Pictures are to be left out; every line from the one that holds "Aloe-vera — Stock Vector" to the end of the data is to be retyped exactly.

** Opening Material provided block **

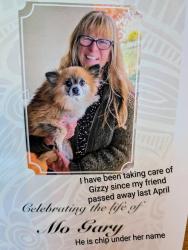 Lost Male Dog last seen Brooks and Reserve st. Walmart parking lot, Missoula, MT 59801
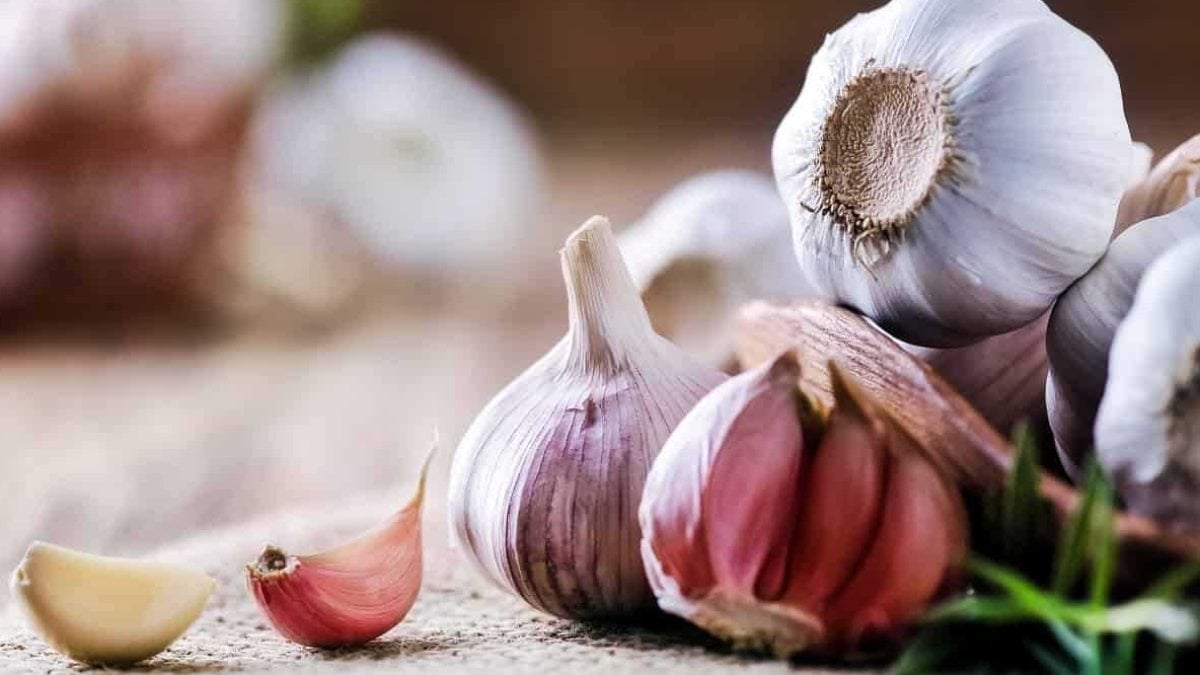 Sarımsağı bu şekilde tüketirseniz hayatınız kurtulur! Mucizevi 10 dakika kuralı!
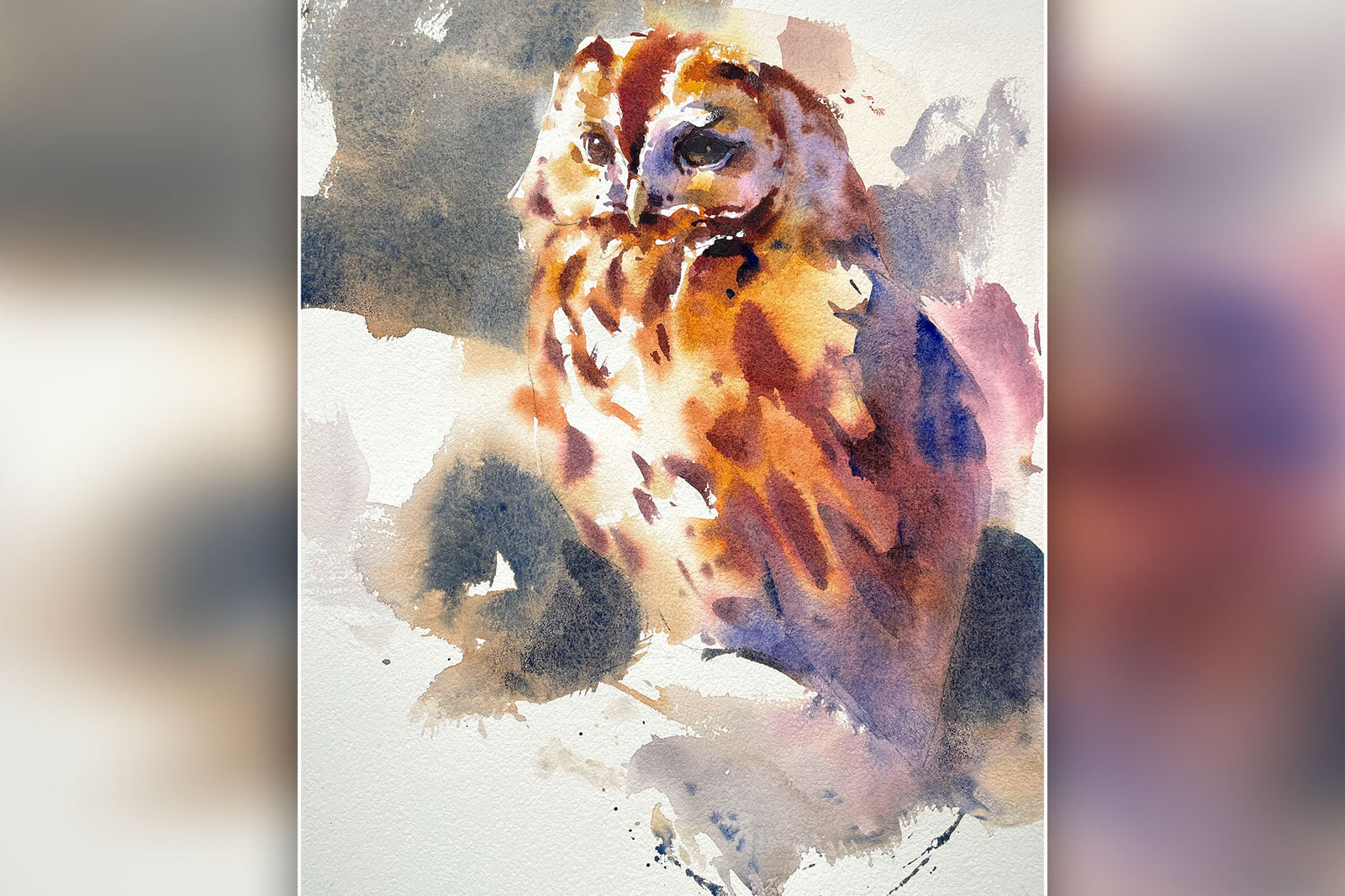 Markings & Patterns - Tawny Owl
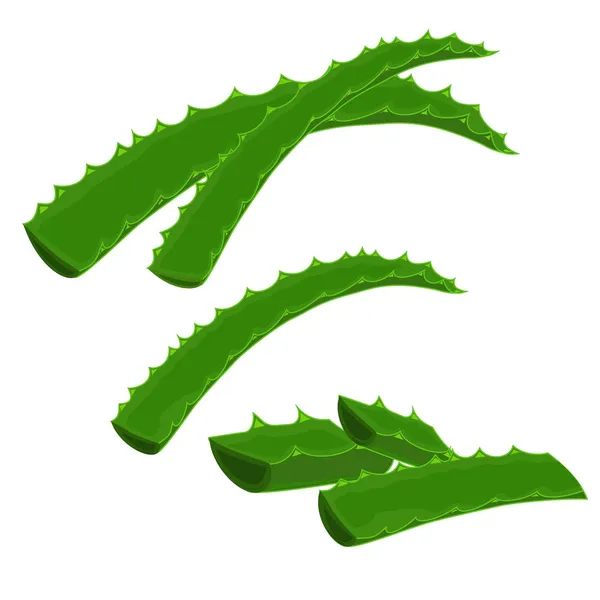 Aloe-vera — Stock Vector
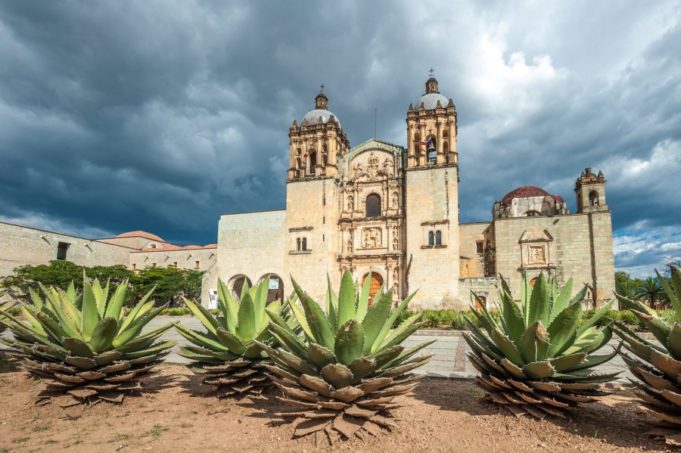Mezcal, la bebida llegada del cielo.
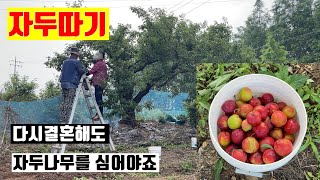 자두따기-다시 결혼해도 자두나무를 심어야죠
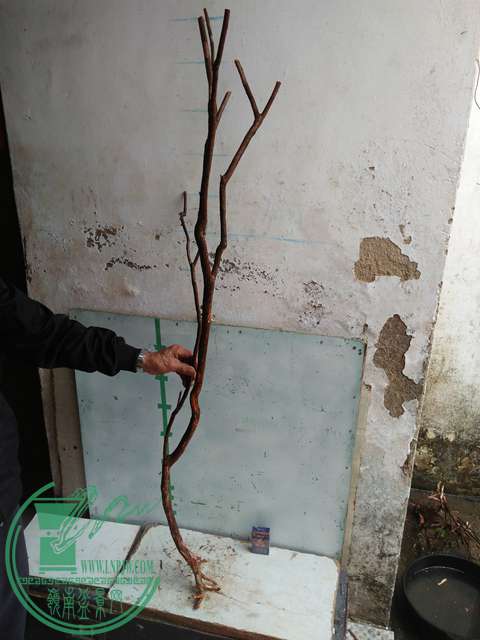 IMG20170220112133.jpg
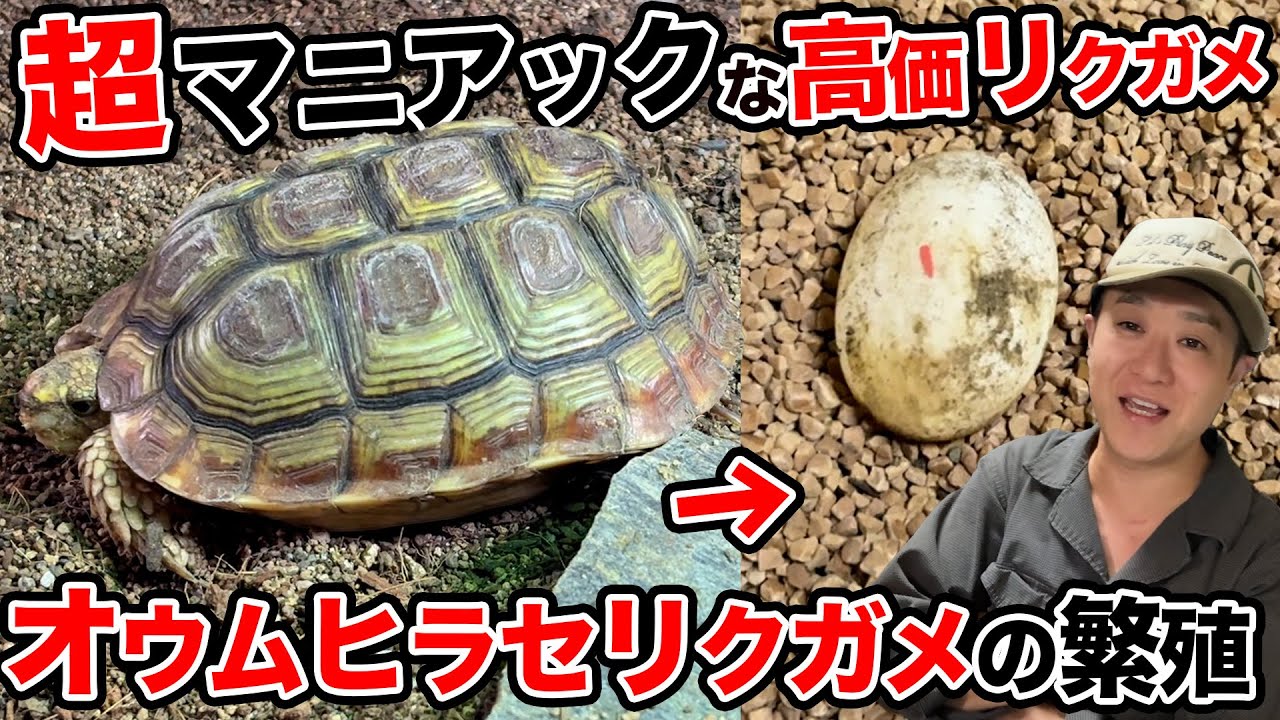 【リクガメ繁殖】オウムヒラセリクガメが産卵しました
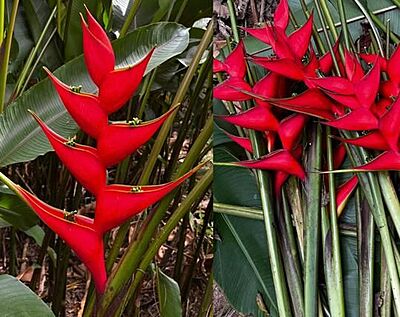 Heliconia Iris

** Closing Material provided block **

*Expected answer*
 Aloe-vera — Stock Vector
Mezcal, la bebida llegada del cielo.
 자두따기-다시 결혼해도 자두나무를 심어야죠
 IMG20170220112133.jpg
 【リクガメ繁殖】オウムヒラセリクガメが産卵しました
 Heliconia Iris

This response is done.